The United States Securities and Exchange Commission has given the green light to Valkyrie’s futures exchange-traded fund (EFT) application. This represents another ETF that has been approved by the SEC, which has previously accepted futures ETFs, but no sign of spot ETFs yet.
As per the SEC document published Thursday, the application was filed under the Securities Exchange Act of 1934 using a 19b-4 form, the same law that spot Bitcoin (BTC) ETF prospects are relying on — albeit with little success thus far.
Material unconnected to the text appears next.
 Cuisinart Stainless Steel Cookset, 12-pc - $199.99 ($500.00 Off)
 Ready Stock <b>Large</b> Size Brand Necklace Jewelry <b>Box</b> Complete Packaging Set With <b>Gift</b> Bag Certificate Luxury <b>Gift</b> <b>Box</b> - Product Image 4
Last month, the watchdog gave the thumbs-up to Teucrium’s Bitcoin futures ETF, which is the first such vehicle to be approved under the ’33 Act.
SEC just approved a 2nd #Bitcoin Futures ETF filed under the “33 act”.
All spot ETF applications have been filed under this act…perhaps some light at the end of the tunnel.
First filed by Valkyrie in August 2021, the Valkyrie XBTO Bitcoin Futures Fund tracks BTC futures contracts. The agency likewise gave the go-ahead to Bitcoin futures ETFs from ProShares and VanEck but thus far denied all applications to establish a spot Bitcoin ETF. Several countries have Bitcoin ETFs, including Canada, Europe and Latin America.
The past year has seen a slew of applications for ETFs, with several companies withdrawing their applications, such as Bitwise, which redirected attention to a spot fund instead. The funds have performed well thus far, although many people are hoping for greater success in the future with the introduction of a spot ETF. A recent Nasdaq poll found that a spot Bitcoin exchange-traded fund may lead to more financial advisers adopting cryptocurrencies.
According to Eric Balchunas and James Seyffart, analysts at Bloomberg in March, the SEC could accept a spot Bitcoin ETF as early as mid-2023 based on a proposed amendment to alter the definition of “exchange” within the regulator’s rules. However, according to a survey by Nasdaq Inc cited earlier, only 38% of financial advisers thought it probable that the SEC would eventually approve a spot cryptocurrency ETF, with 31% disagreeing.